[Supplied data]
■ ■ ■ ■ ■

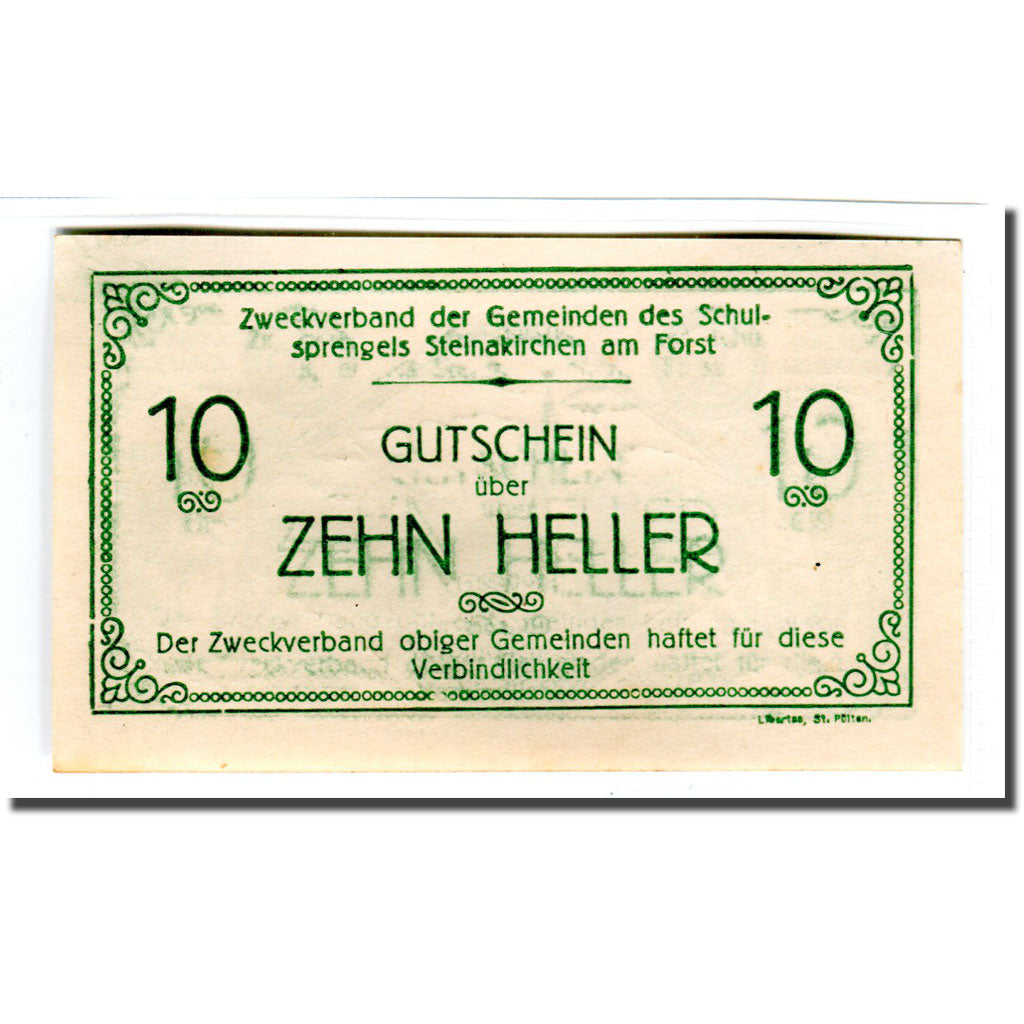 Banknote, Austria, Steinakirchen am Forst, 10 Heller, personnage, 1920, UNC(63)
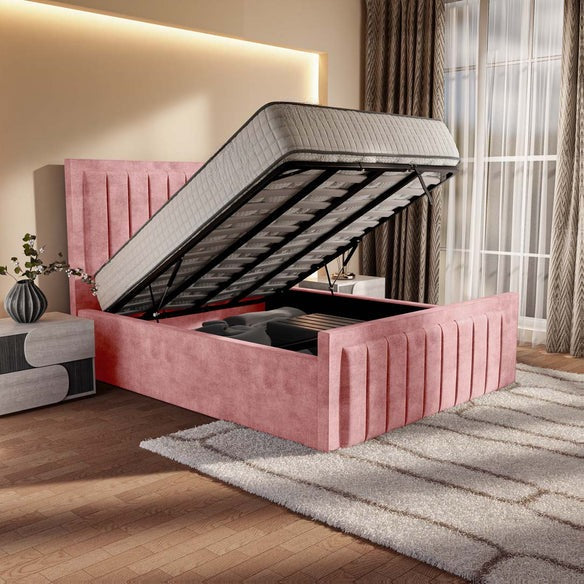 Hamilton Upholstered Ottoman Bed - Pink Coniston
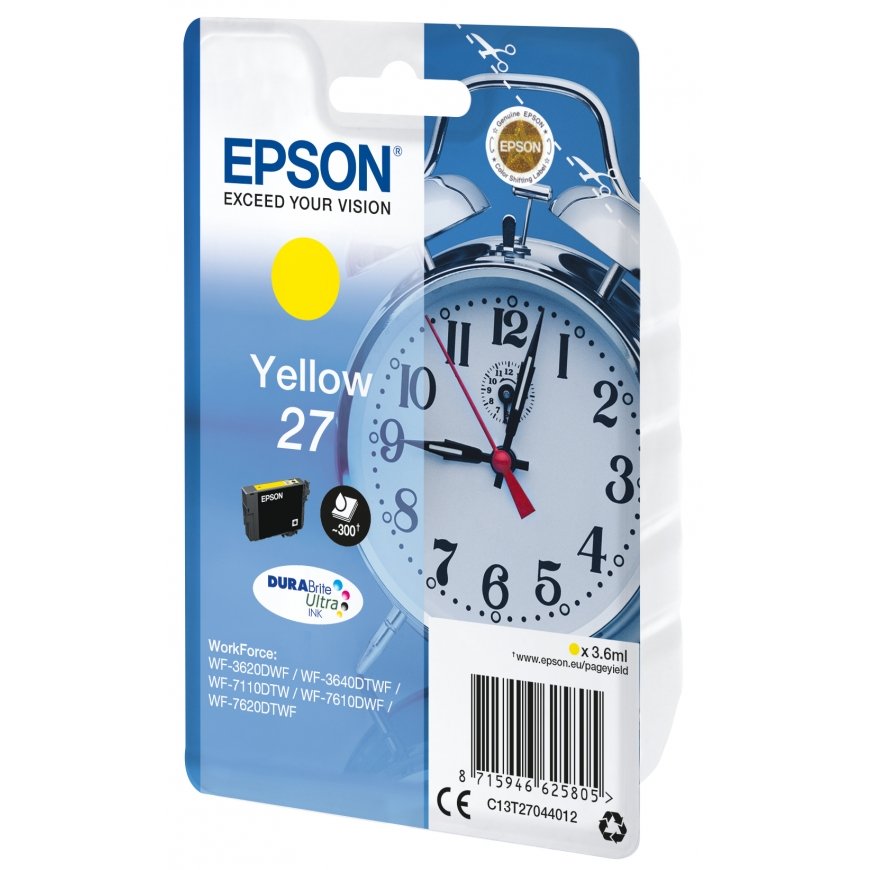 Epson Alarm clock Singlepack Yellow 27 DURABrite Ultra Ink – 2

■ ■ ■ ■ ■

[Directions for this task]
Word for word, retype all of the data above, but include no pictures.

[Response to the task]
 Banknote, Austria, Steinakirchen am Forst, 10 Heller, personnage, 1920, UNC(63)
 Hamilton Upholstered Ottoman Bed - Pink Coniston
 Epson Alarm clock Singlepack Yellow 27 DURABrite Ultra Ink – 2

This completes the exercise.